尖閣列島衝突 ~ The Senkaku Islands Conflict
The Senkaku Islands Conflict
Writer: James Smyth
Editor: Chen Liang-yu
Japan, China, and Taiwan have all their own arguments with respect to the Senkaku or Diaoyu Islands, but in principle, the conflict is simple: each side believes it has the right to the territory. China and Taiwan both believe that they were originally part of China, but until 1895, there were practically no people and no development there. Japan took over in 1895, and instead of calling them the Diaoyu [Fishing] Islands, it called them the Senkaku Islands, which is the Japanese translation of the original English name of “Pinnacle Islands.” America gained control of this area in addition to Okinawa after World War II by peace treaty. In 1971, America returned both of those archipelagos to Japan.

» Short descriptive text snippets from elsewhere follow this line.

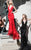 Jovani 60283 Vestido de fiesta con adornos florales y escote en V
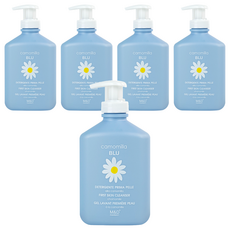 캐모마일블루 유아용 퍼스트스킨 엉덩이클렌저 청결제 베이비파우더향, 300ml, 5개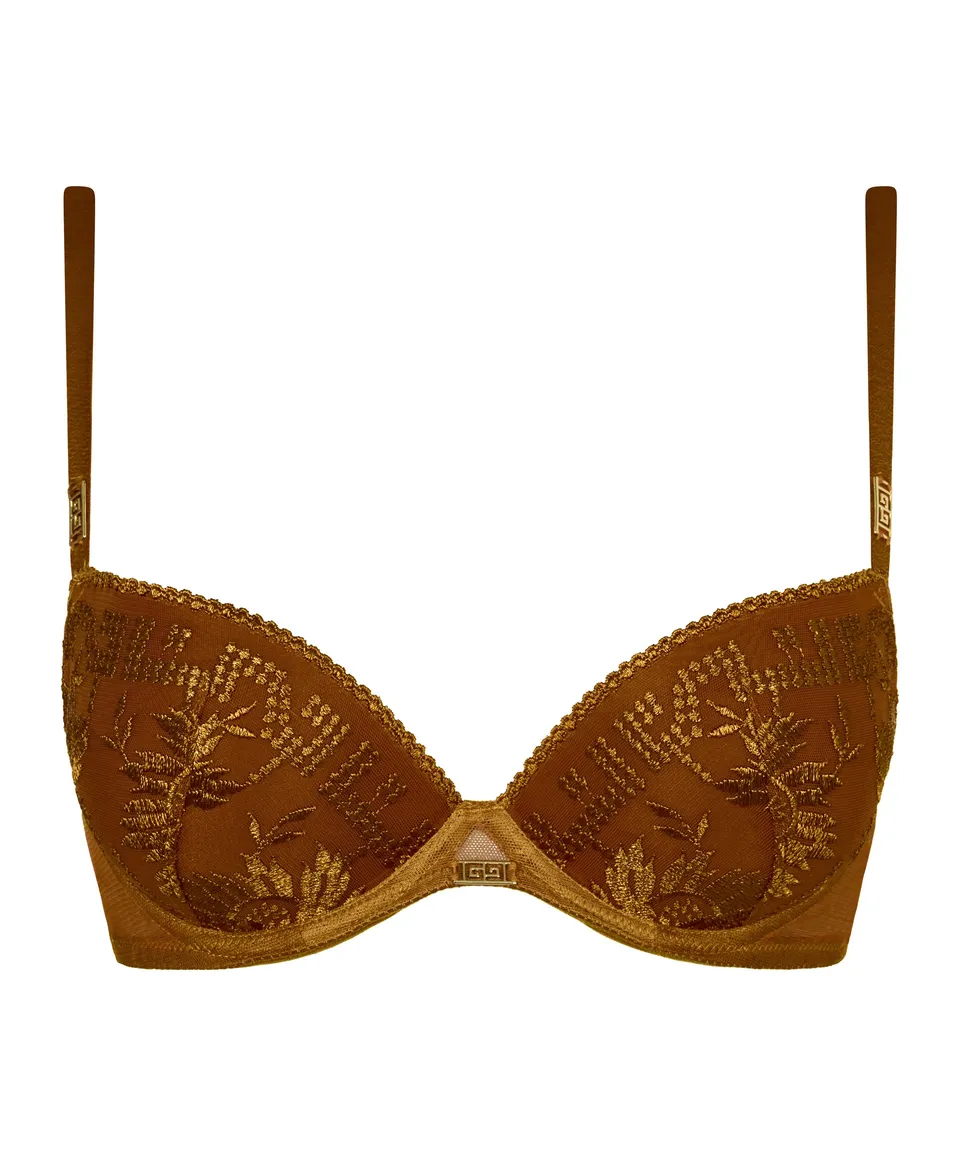 aubade-rules-of-attraction-soutien-gorge-push-up-coques-golden-shadow image 1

I personally believe China is engaging in brinkmanship. Last year’s conflict with Japan is but one example of its posturing. China continuously expands the range of its operations, but no matter what the conflict, it argues its own actions were legal and says that its neighbors must take responsibility for what happened, for example by apologizing or paying damages. Japan should continue to declare it will never turn the islands over to Taiwan or China: that would encourage them to ask for more. It seems like the two only made their claims after they realized the territory was in play; that is, after America gave it to Japan. If the debate over the islands turns ferocious, Japan could argue that using history to resolve land claims is dangerous: by those standards we can even question whether Xinjiang, Tibet, and even Taiwan are Chinese territory or not.